The third course was Orange Peel Beef, served with Chinese long beans and Jasmine rice. The beer was more of the Houblon Chouffe, a Dobbelen IPA Tripel, we’d enjoyed as a warm up beer. The beef had a crisp glaze with a strong taste of orange peel. It was intoxicating and it paired very well with the Houblon Chouffe! We enjoyed all the savory courses, but this is the one that really wowed us! The beef was tender and flavorful, with deep, rich earthy tastes that played off the crisp, citrus layer. The Chinese Long Beans were remarkable more for their length than their taste. They are essentially green beans so long they could have coiled all the way around the plate. While there was nothing wrong with them, they didn’t call to us. (On the other hand, the next time we go to Super-H, we’ll get some and see what we can do with them.) The Jasmine rice was, well, Jasmine rice. I didn’t notice that Chad had done anything special to the Jasmine rice, but the best thing you can do with Jasmine rice is not get in the way of its natural flavors and he was wise enough to do that. The flower garnish was delightful! We really liked the plating on all the courses. We didn’t eat our flowers because we weren’t quite sure if they were edible. They lookedgood enough to eat.
The final course was a Mignardise course. This consisted of a cranberry bread or rice pudding with a crisp brown sugar accent in it, a lovely brownie on a bed of nuts, and two petit fours that had a mint and chocolate interior with a lovely sweet shell. This was paired with some freshly made French Press coffee from Oak Cliff Roasters (we’ve had their coffee before, and it is excellent!) and a snifter of Brasserie D’Achouffe’s Chouffe Coffee with a dollop of whipped cream on top. This is a coffee liqueur made from their Esprit d’Achouffe, an eau de vie distilled from 5 year old La Chouffe beer. The taste, and balance, of this coffee liqueur redefined coffee liqueurs for us. Dark? Yes! Rich? Oh, YES! Sweet? Definitely, but not too sweet. Coffee? Oh, lord YES! The complexity and layers of flavor were light years beyond Kahlua. The deserts were wonderful and under other circumstances we’d rave about them. The coffee was wonderful, and usually we’d carry on about what a treasure Oak Cliff Roasters is. But in this course, the star attraction was, hands down, the Chouffe Coffee. We’ve seen it on line for $40.00 a bottle. We’re looking for someone who carries it locally.

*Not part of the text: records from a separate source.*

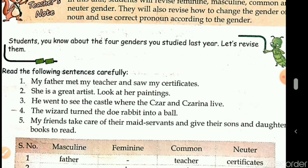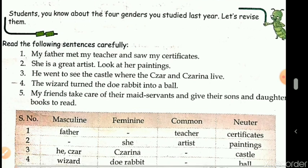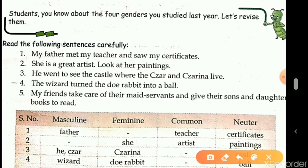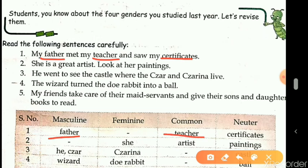Let's read the sentence carefully. First sentence: 'My father met my teacher and saw my certificates.' There are three nouns: father, teacher, and certificates. Father refers to a male person, so it's masculine gender. Teacher can be sir or madam — male or female — so it's common gender. Whereas certificates are neither male nor female, non-living things, so they come under neuter gender.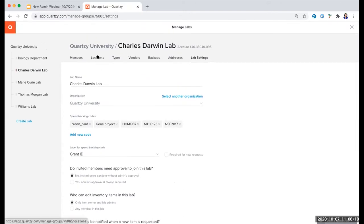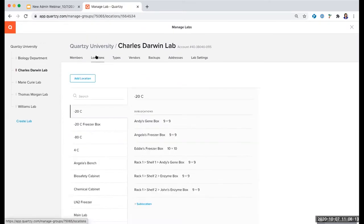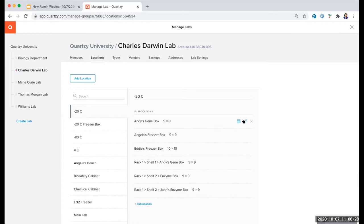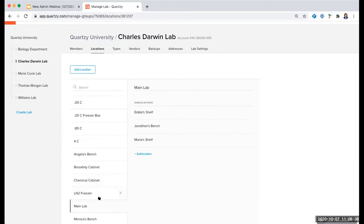Going back up to the top, we'll look at the other tabs here. We've got Locations, where you can set up where items are located. For example, you can see the minus 20 Celsius freezer here as well as sub-locations. I can click on the box or the pencil icon to edit the items found in these sub-locations. In another location you might have different types of sub-locations that are more like benches or shelves, and clicking the pencil icon is also the way to edit these.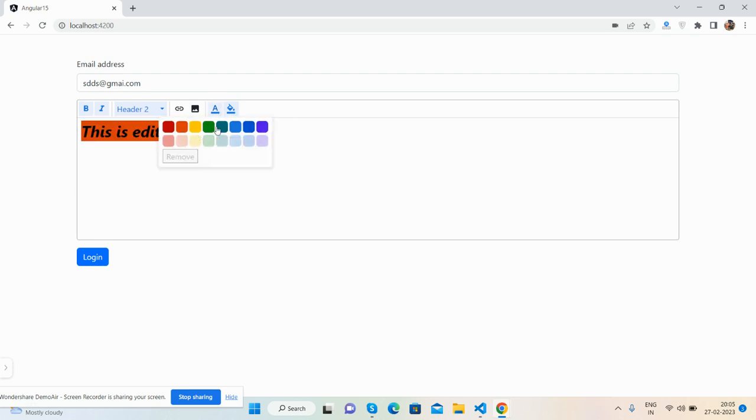See, the beautiful text editor is working fine with Angular 15 reactive forms.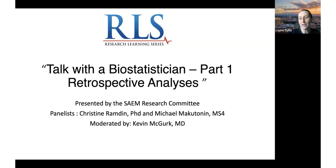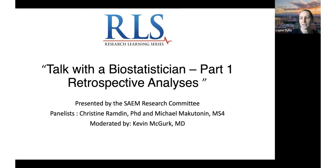Today we're going to focus on retrospective analysis. Our moderator is Dr. Kevin McGurk. He's an assistant professor in the Department of Emergency Medicine at the Medical College of Wisconsin.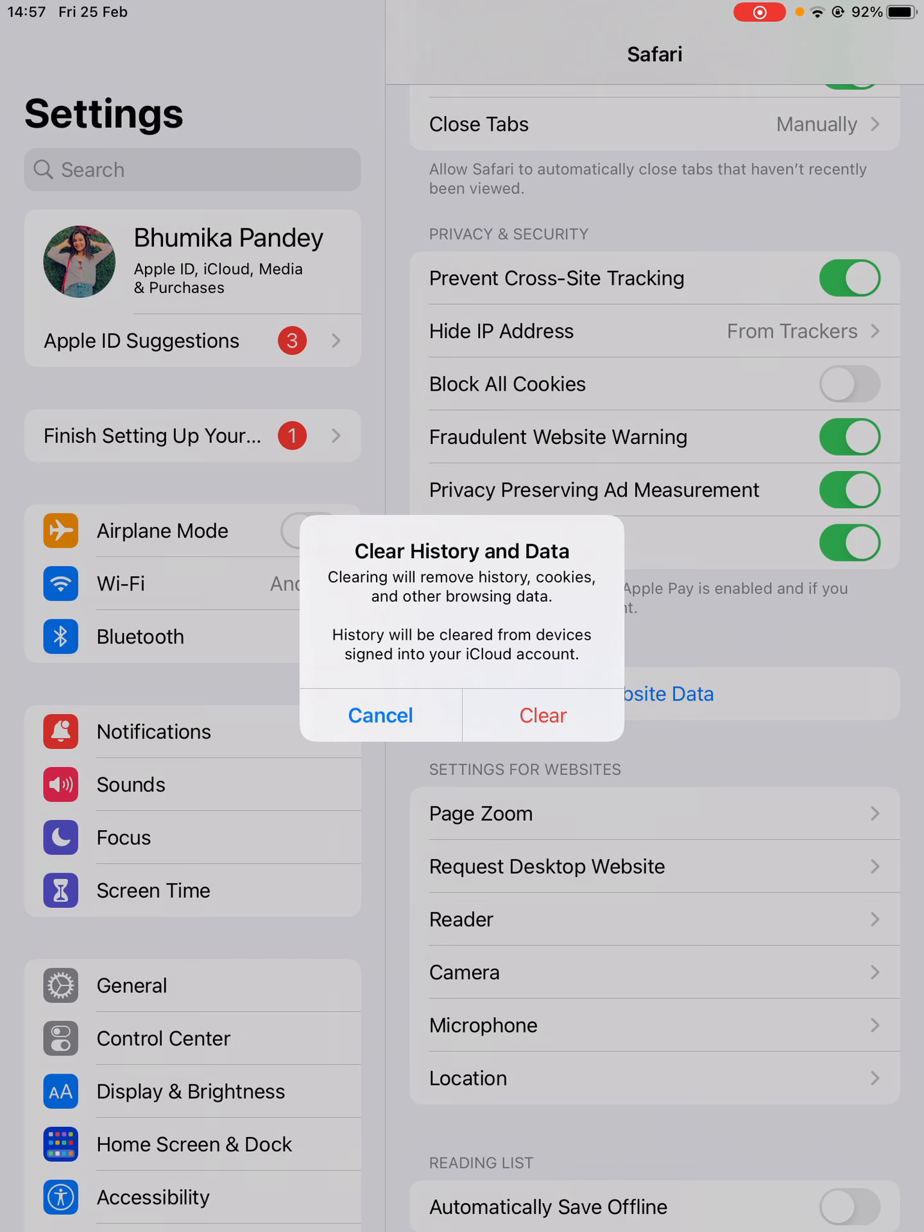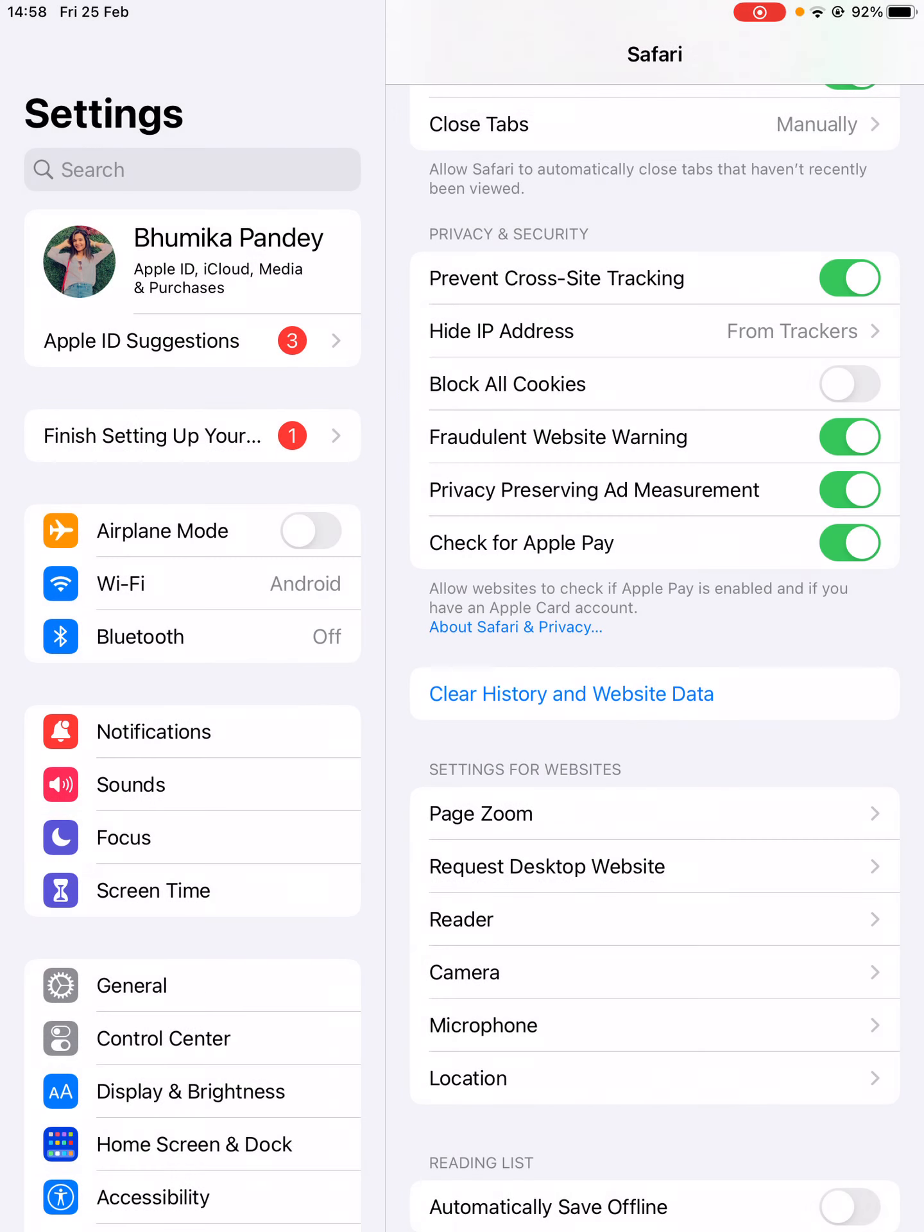Once you are clear about this, click on Clear and it will just take a few seconds to clear all the history and website data on your iPad.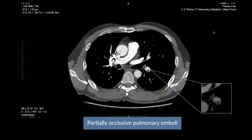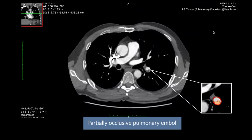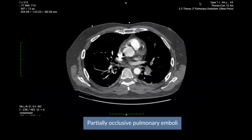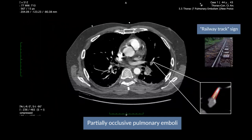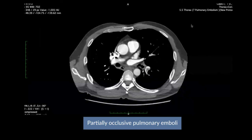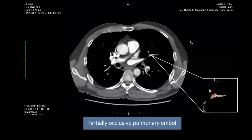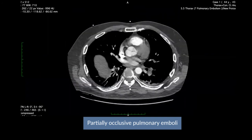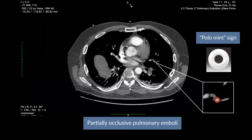This is another example of a partially occlusive pulmonary embolism where the thrombus is seen peripherally against the vessel wall. A partially occlusive thrombus can also be seen surrounded by contrast material in its long axis, forming the railway track sign. Here we have another example of the railway track sign. If there is a partially occlusive thrombus seen in a vessel in cross section, this can form the polo mint sign.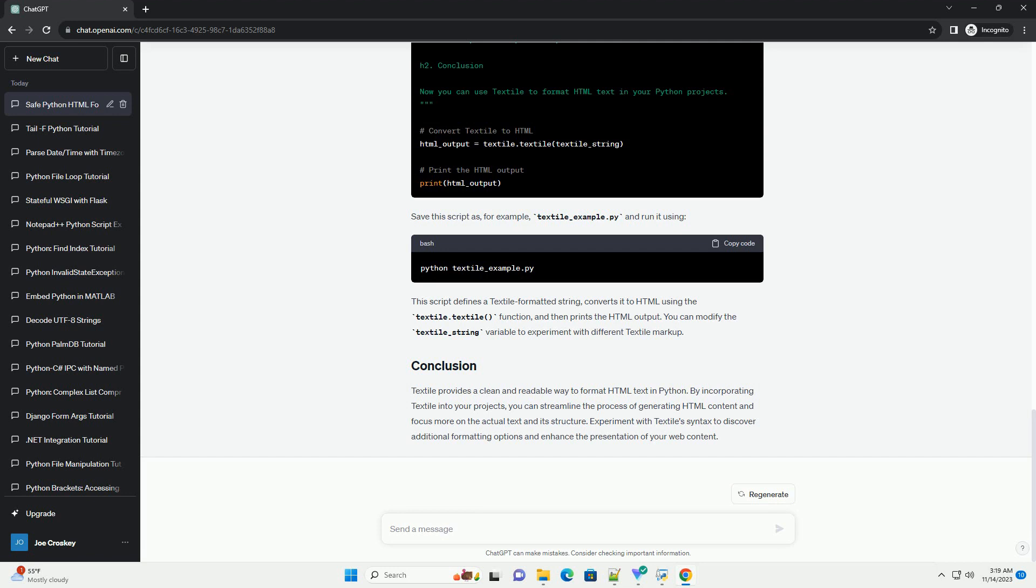Bold and italics, Lists, Links. Now that we have Textile installed and understand the basics of its syntax, let's see how we can use it in a Python script. Save this script as, for example, textile-example.py and run it.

Pulling this discussion back around to the Moth, if there was a down side, it was the noise levels at the Moth made it hard to hear Chris. By the fourth course, he had pretty much given up trying to speak over the crowd. A lapel mike and speaker might have helped him a lot. But what really counted – the service, food, drink and atmosphere – were wonderful, and at $65 a head, tax and gratuity included, it rocked!
Yeah, we like the Moth. Too bad it’s 50 miles from home.